Posted: 4/27/19 at 8:00am. Column by Ed Jordan.
We have all heard that cats always land on their feet. It is not a myth. Cats have a “righting reflex” which begins at around one month of age and is perfected within weeks. Apparently they can do this because of an extremely flexible backbone and no fixed clavicle. It is an interesting phenomenon.
I have had several friends who seem to be able to do this with their livelihoods. They can suffer the loss of one job or position and soon have another—usually better. Using another analogy, we often say that some people have the Midas touch, because everything they touch turns to gold.
I want to give some consideration to the thought of being able to always land on our feet in our decision-making processes. How do we keep our life from imploding? How do we avoid catastrophic outcomes to a decision? Is it possible? Can we develop a character or spiritual “righting reflex” so that such decisions can be made in a timely manner?
One of the things that factors into a cat’s righting reflex must also be that they constantly know which direction is up and which direction is down. I think that this is the starting point for all of us who wish to have a decision-righting reflex. We need to know what is right and wrong, what is up or down, so that we don’t have to think twice about what is the correct choice.
One way we can do this is to read and memorize lots of Bible verses, which God reveals to us as pertinent to having and maintaining integrity. God speaks to us through his Spirit, who lives inside every person who has entrusted their life to Jesus and invited him to come live within them.
We read in John 14:26 (ESV): “But the Helper, the Holy Spirit, whom the Father will send in My name, He will teach you all things and bring to your remembrance all that I have said to you.” So if we saturate our minds and hearts with the words of Jesus, he will be able to alert us instantly to the right thing to decide in any particular situation. If something is contrary to what Jesus lived or taught, then we shouldn’t choose that option.
Another tool we have to help us develop character in our lives, and in the lives of our kids, is to learn wisdom from the book of Proverbs. One simple way to do this is to read a chapter of Proverbs each day, corresponding with the day of the month, and underline verses that God uses to speak to you about practical life decisions.
As these become more and more a part of our lives, it helps establish and reinforce our spiritual and character “righting reflex.” You will be amazed at how much practical wisdom and advice you will find in the book of Proverbs, on subjects like finances, investing, character, raising children, choosing friends, controlling your tongue, dealing with anger, and general interpersonal relationship advice. As you discover truths that will help your kids, find ways to communicate that advice to them and explore ways they can develop that skill in their lives.

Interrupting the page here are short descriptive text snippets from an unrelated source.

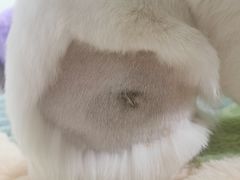 -艾贝尔宠物诊疗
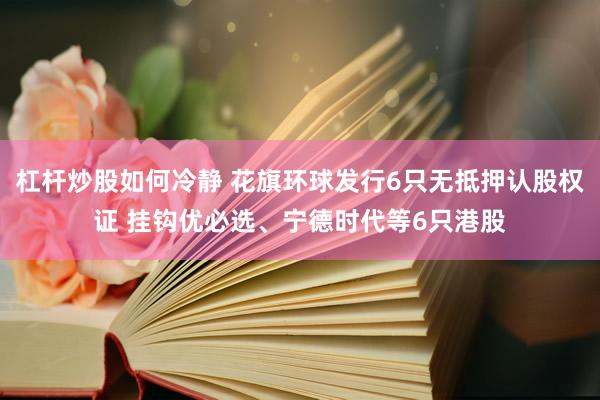 杠杆炒股如何冷静 花旗环球发行6只无抵押认股权证 挂钩优必选、宁德时代等6只港股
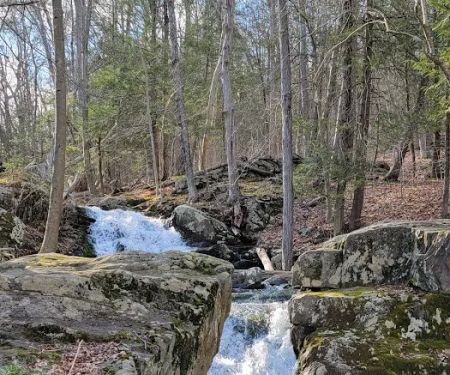 Great Hollow Nature Preserve & Ecological Research Center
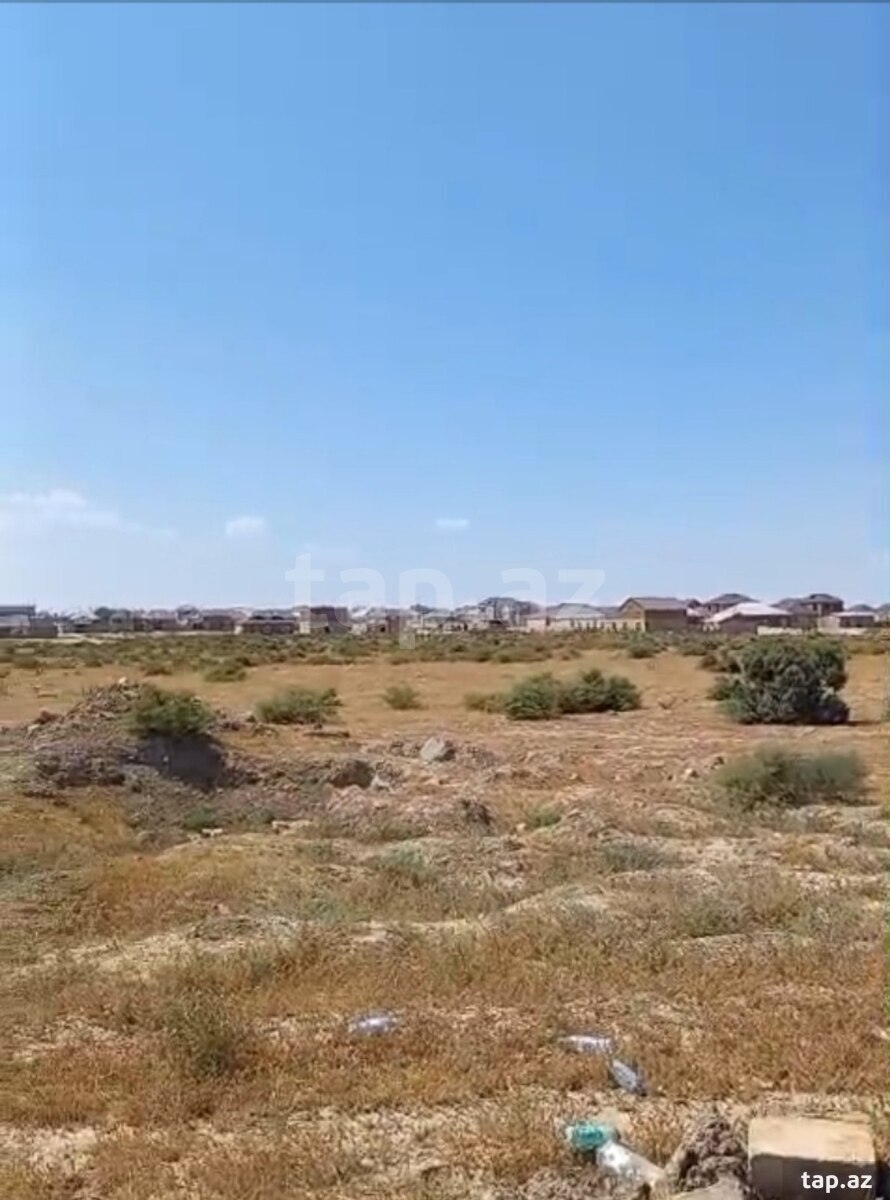 200 sot torpaq sahəsi, Abşeron r. (6)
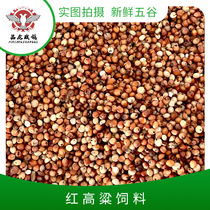 Red sorghum 50 pounds quality grain nutrition the poo and EE seed bird Pigeon Pigeon Pigeon food Direct in Jiangsu Zhejiang and Anhui province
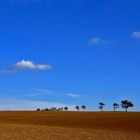 Vorgestern war der Himmel noch blau ....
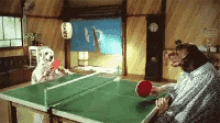 Dogs Ping Pong GIF - Dogs Ping Pong GIFs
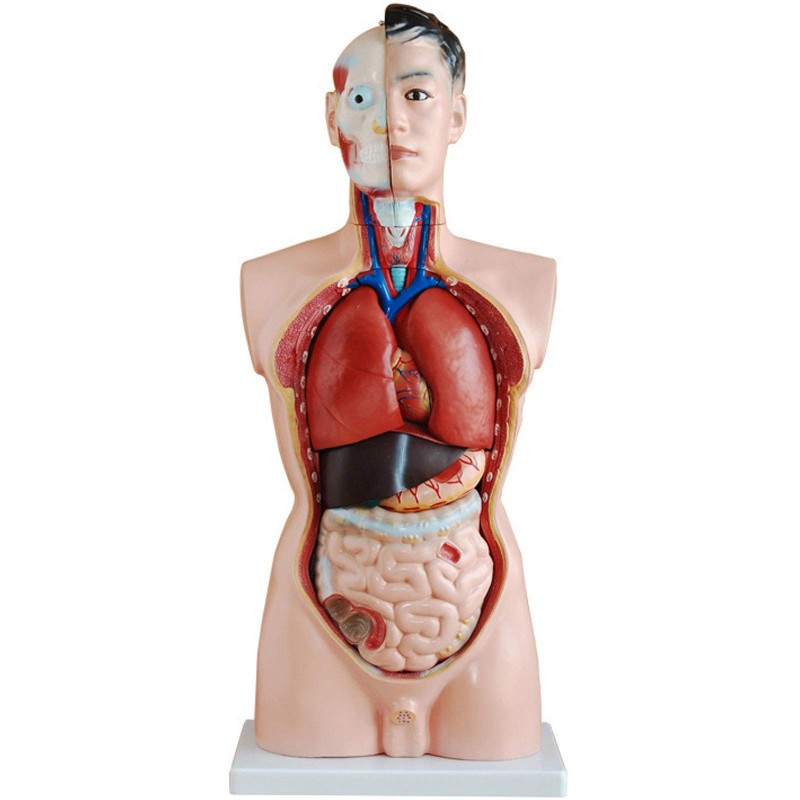 HUMAN TORSO MALE 65CMS WITH HARD ORGANS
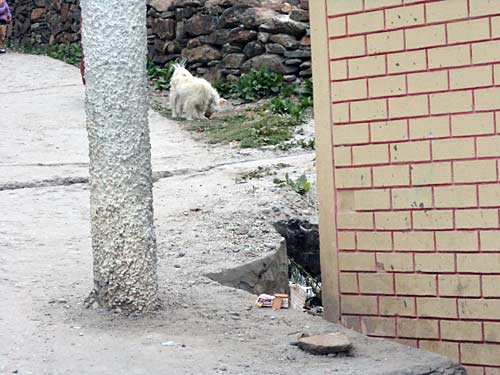 स्‍वर्ग के द्वार खोलते बद्रीनाथ-केदारनाथ | देखें दार्जीलिंग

Many of us turn to God for advice in important decisions we are facing, and this is great. But we also need to develop a godly character in our lives and in our kids’ lives that gives us all a consistent character pattern which will kick into action when we are facing unexpected decisions that don’t give us time to go look up Bible verses or seek the advice of others.
We need to develop an internal moral compass that constantly directs us to which way is up and which way is down and to habitually respond to temptations out of our internal reservoir of consistently godly ethics flowing from God’s indwelling Spirit and the words of Jesus within us.
We need to develop this ethical righting reflex today and in each day of our lives. It is a little like learning to drive via experience and thus being able to quickly react appropriately within seconds of a presented danger.
One never knows when his or her life will suddenly be thrown into the air, and we need to know instinctively how to land on our feet. This is only possible by God’s grace and by developing an internal gyroscope for continual autonomic adjustments to our character’s stability and veracity. Active, consistent godly character will help us land on our feet when that is unexpectedly required of us.